I've been taking fly tying classes with the TU Challenge Chapter for the past several years. I've really enjoyed them - its not really a beginner class but you could watch some basic vids on YouTube and fit in easily... The classes start on Monday - we meet at Berkshire Middle School in Birmingham - near 14 and Lahser. I live near Milford and work in Detroit so its a haul and a half for me but its worth it. If you are interested in coming and trying it out - let me know.


----------



## perchdog2003 (Mar 9, 2014)

burntcabin said:


> I've been taking fly tying classes with the TU Challenge Chapter for the past several years. I've really enjoyed them - its not really a beginner class but you could watch some basic vids on YouTube and fit in easily... The classes start on Monday - we meet at Berkshire Middle School in Birmingham - near 14 and Lahser. I live near Milford and work in Detroit so its a haul and a half for me but its worth it. If you are interested in coming and trying it out - let me know.

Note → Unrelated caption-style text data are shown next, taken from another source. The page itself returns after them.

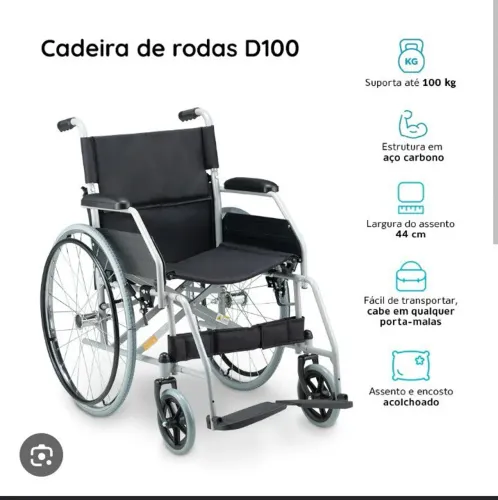 Cadeira de rodas nova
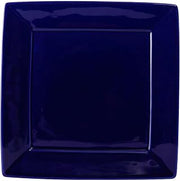 Tuxton China BCH-1016 Plate, 10-1/8", Square, Wide Rim, Microwave and Dishwasher Safe, Oven Proof, Fully Vitrified, Ceramic, DuraTux, Cobalt, Pack of 12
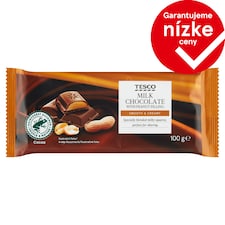 Tesco Milk Chocolate with Peanut Filling 100 g
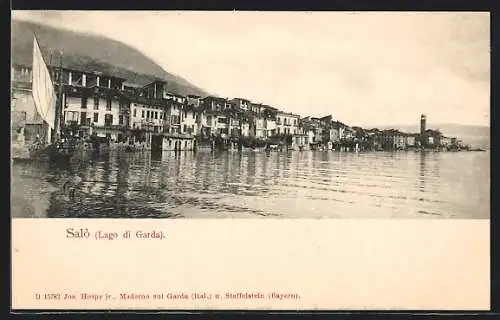 AK Salò /Lago di Garda, Häuser am Seeufer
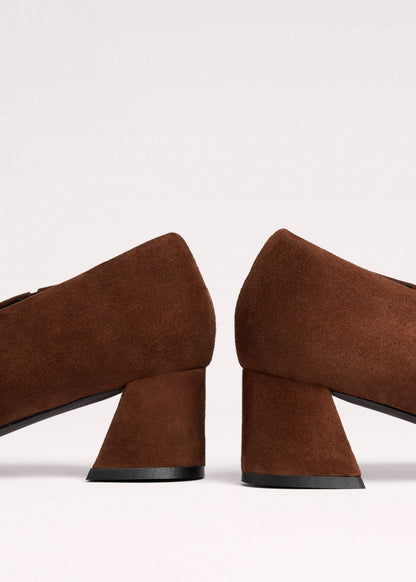 ME+EM Brown High Front Block Heel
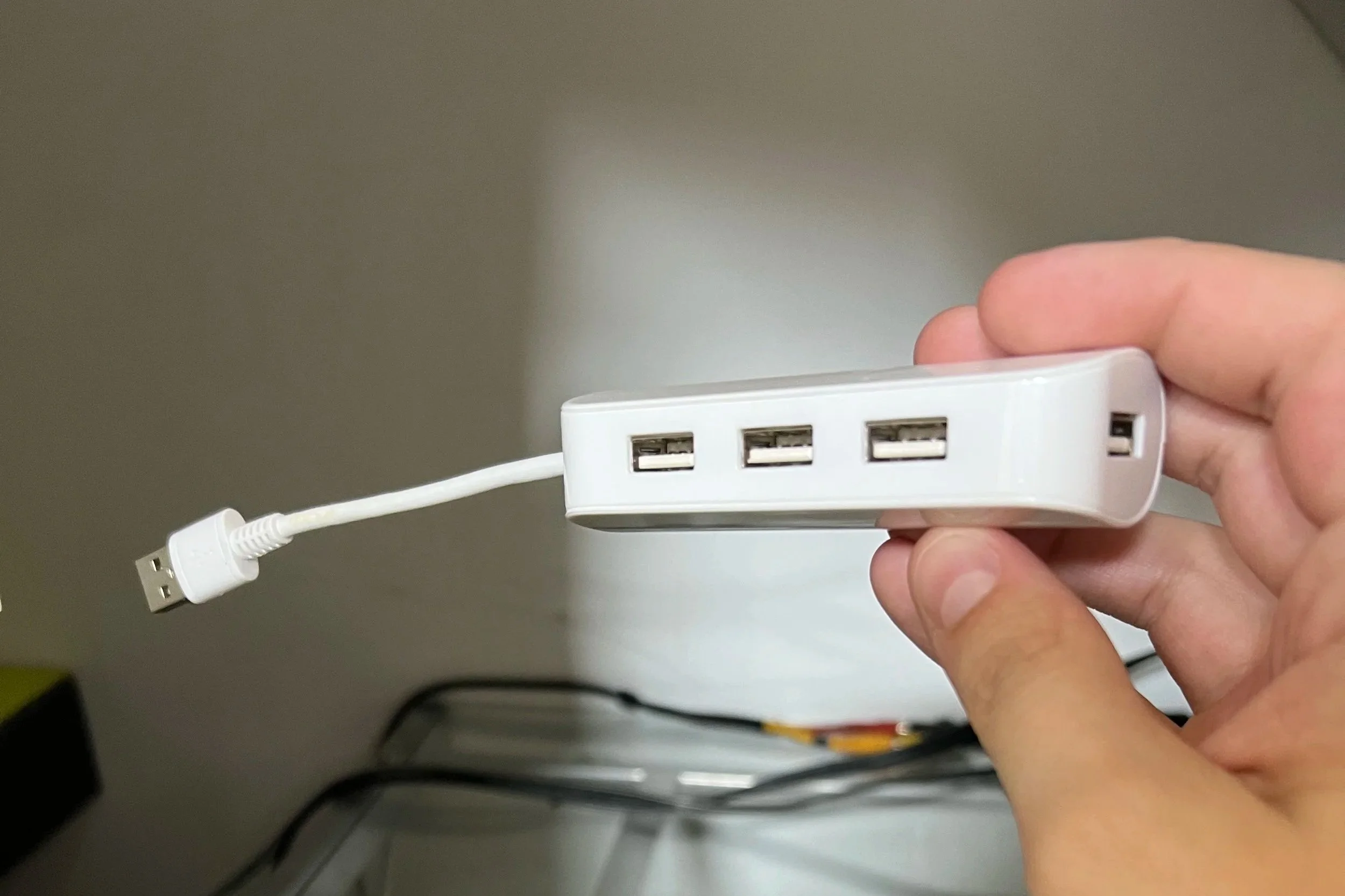4-Port USB-A Travel Hub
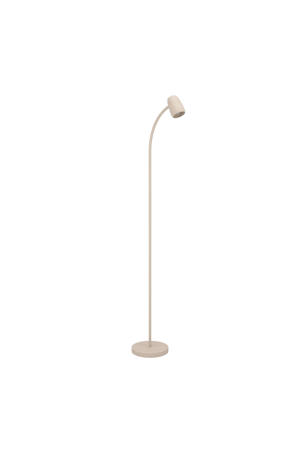 Carlo Vloerlamp - E14 - 170 cm - Zandkleur/Beige/Crème - Kantelbaar 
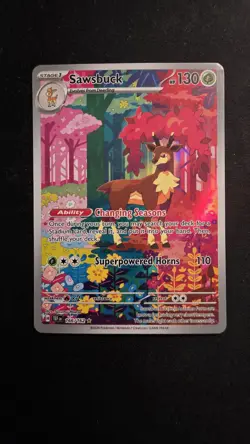 Sawsbuck 166/162 Temporal Forces IR Pokemon Card SEE PHOTOS - Image 1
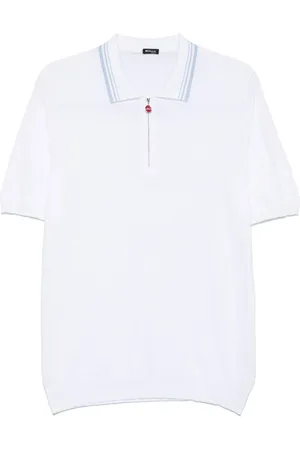 Kiton Poloshirt met textuur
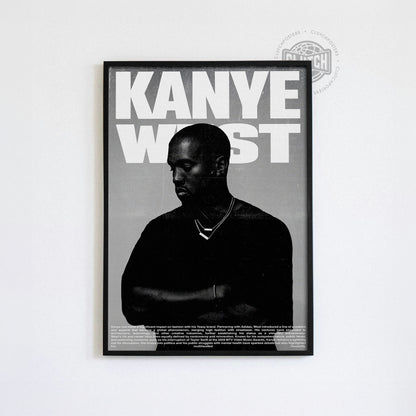 Kanye West B&W Poster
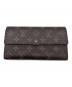 LOUIS VUITTON（ルイ ヴィトン）の古着「 モノグラム ポシェット　ポルト　モネ　クレディ　長財布」
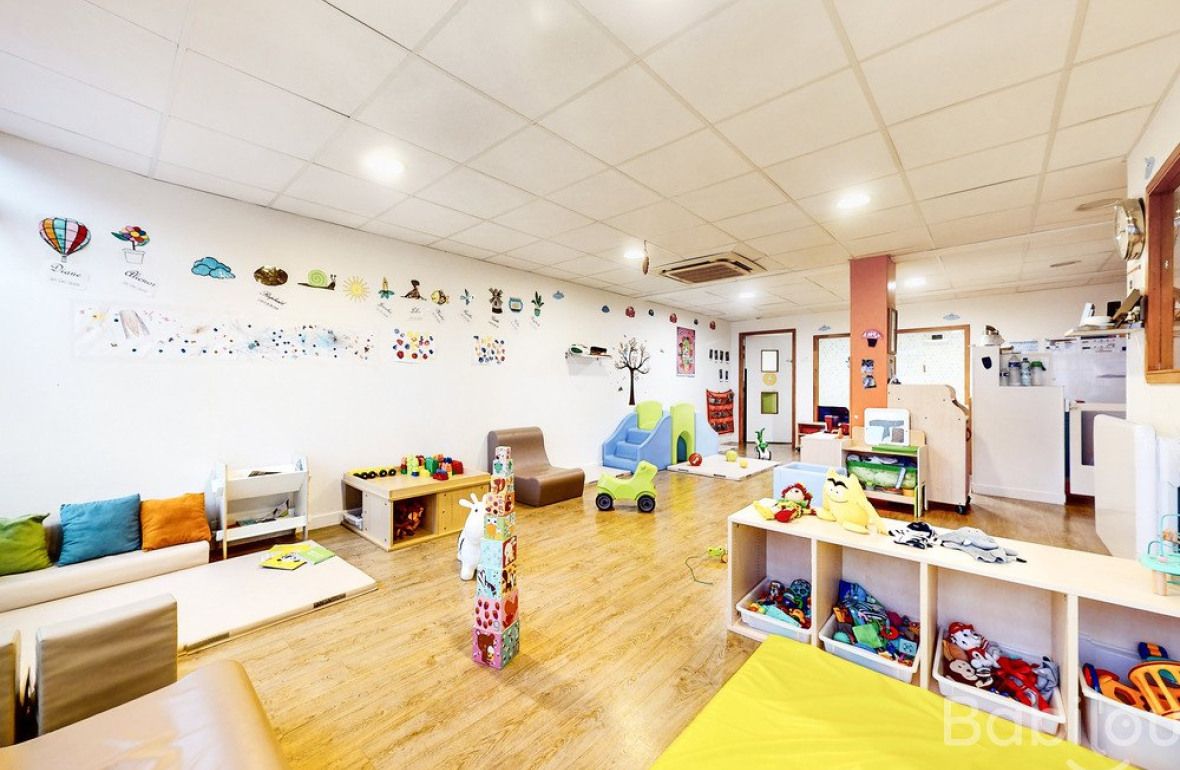 Espace de jeu en crèche Babilou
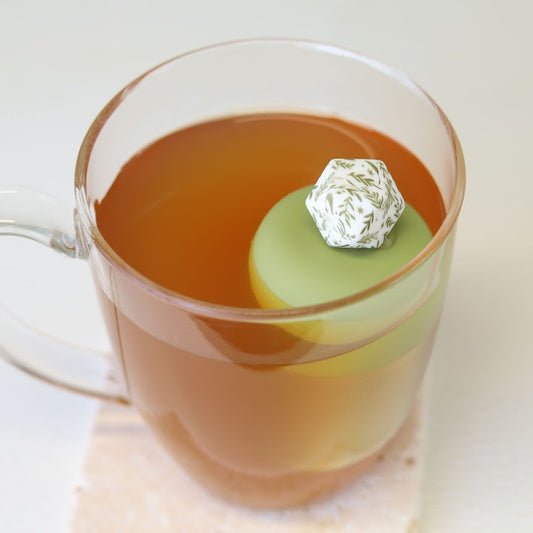Green Herb Hexagon Floating Tea Steeper I Green Base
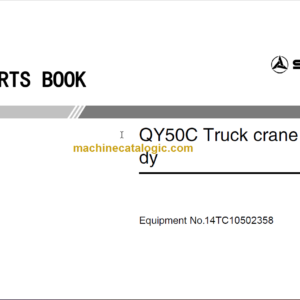 SANY QY50 PARTS MANUAL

i am curious what does it cost to attend. Also isn't there a fly shop in Rochester that also runs classes ?


----------



## Queequeg (Aug 10, 2007)

Schultz Outfitters does various classes in Ypsilanti. There is a beginner and an advanced class. Also beer, so there's that added bonus. Check out Bar Flies through schultz outfitters website: http://schultzoutfitters.com/classes


----------



## burntcabin (Feb 23, 2013)

perchdog2003 said:


> i am curious what does it cost to attend. Also isn't there a fly shop in Rochester that also runs classes ?


Its $75 +$25 for supplies. Its weekly starting 1/9 through March. 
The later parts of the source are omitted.